**TASK DETAILS**
One number is the expected answer: the count of lines in the material below containing the word "noir".

**RECORDED INFORMATION**
# # # # #
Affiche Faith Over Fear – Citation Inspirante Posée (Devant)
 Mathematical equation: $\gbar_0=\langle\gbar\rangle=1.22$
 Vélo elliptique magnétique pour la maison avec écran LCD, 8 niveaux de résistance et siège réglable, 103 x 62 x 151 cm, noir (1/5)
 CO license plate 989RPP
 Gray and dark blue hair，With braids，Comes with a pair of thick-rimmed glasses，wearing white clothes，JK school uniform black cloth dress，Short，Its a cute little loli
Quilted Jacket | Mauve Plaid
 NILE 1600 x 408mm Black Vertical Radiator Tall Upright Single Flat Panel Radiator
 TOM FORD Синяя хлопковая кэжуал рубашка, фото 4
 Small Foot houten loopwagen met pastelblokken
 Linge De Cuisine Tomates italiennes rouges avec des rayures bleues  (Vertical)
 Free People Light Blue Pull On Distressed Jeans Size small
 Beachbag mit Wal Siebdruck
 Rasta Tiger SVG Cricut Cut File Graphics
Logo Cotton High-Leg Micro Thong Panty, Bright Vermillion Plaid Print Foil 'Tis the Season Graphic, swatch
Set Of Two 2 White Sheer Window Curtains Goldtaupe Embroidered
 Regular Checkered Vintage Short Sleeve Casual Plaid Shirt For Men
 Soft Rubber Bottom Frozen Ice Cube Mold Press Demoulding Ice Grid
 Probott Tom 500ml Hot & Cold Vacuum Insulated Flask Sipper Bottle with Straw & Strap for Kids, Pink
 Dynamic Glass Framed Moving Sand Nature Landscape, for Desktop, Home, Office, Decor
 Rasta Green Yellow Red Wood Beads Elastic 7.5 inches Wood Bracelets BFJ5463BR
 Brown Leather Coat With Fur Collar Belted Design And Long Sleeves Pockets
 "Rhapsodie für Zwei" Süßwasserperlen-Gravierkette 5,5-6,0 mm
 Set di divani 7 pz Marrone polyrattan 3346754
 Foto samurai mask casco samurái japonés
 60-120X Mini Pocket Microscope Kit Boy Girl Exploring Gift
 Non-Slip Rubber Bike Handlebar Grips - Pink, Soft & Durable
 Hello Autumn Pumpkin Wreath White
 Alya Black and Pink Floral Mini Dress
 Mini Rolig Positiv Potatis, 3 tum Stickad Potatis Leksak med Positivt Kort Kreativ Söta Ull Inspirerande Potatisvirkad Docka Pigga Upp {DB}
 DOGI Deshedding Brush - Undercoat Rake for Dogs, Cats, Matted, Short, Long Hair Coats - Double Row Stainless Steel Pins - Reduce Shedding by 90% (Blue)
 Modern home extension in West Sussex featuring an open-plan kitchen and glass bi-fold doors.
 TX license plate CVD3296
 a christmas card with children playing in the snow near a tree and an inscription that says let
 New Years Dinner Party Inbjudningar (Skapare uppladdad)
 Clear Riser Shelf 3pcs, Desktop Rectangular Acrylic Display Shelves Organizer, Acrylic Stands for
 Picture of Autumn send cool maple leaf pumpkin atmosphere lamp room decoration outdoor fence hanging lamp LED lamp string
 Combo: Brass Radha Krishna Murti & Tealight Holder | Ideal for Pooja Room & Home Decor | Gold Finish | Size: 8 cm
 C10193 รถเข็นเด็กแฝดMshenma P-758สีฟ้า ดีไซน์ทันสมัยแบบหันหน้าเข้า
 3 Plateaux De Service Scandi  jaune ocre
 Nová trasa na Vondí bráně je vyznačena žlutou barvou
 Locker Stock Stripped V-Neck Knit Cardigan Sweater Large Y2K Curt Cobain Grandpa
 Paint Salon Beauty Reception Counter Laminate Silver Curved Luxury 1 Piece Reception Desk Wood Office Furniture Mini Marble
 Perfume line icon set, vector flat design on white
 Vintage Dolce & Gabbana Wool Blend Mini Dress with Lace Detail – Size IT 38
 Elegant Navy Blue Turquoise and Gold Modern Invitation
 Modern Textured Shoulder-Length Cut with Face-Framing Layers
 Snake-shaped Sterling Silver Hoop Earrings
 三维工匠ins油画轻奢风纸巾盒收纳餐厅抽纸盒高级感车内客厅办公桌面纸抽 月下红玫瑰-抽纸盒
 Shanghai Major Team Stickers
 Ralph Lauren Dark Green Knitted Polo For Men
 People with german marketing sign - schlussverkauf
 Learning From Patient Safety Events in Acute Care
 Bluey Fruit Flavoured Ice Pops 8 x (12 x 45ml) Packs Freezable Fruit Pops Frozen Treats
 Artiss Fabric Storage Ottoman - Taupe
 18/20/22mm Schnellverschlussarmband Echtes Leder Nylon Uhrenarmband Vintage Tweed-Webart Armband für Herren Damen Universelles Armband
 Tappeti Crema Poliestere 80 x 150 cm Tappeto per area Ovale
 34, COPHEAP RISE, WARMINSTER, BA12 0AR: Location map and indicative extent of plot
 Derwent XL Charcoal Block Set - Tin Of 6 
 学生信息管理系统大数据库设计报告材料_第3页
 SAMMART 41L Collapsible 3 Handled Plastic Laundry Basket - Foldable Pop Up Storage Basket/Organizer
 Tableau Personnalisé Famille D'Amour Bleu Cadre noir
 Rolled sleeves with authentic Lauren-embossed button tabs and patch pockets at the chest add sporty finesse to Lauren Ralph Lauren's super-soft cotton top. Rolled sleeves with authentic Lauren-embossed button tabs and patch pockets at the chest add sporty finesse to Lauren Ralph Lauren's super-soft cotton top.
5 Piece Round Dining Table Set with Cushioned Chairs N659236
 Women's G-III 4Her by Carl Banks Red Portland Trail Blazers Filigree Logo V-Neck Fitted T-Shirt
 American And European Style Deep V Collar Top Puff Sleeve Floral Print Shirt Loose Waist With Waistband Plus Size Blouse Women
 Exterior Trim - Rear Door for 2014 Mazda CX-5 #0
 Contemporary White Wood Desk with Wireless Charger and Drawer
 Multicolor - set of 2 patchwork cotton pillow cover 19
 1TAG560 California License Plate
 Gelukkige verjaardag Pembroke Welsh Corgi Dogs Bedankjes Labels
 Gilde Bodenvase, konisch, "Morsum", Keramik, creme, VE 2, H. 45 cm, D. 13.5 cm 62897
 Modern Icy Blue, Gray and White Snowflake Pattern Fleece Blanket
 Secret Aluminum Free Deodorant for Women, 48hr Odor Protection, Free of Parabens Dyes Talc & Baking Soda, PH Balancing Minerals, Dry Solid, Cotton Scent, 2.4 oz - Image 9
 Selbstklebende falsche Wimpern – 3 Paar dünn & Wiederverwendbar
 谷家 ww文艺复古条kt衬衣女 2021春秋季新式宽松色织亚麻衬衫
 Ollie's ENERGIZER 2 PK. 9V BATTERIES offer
# # # # #
**TASK ANSWER**
2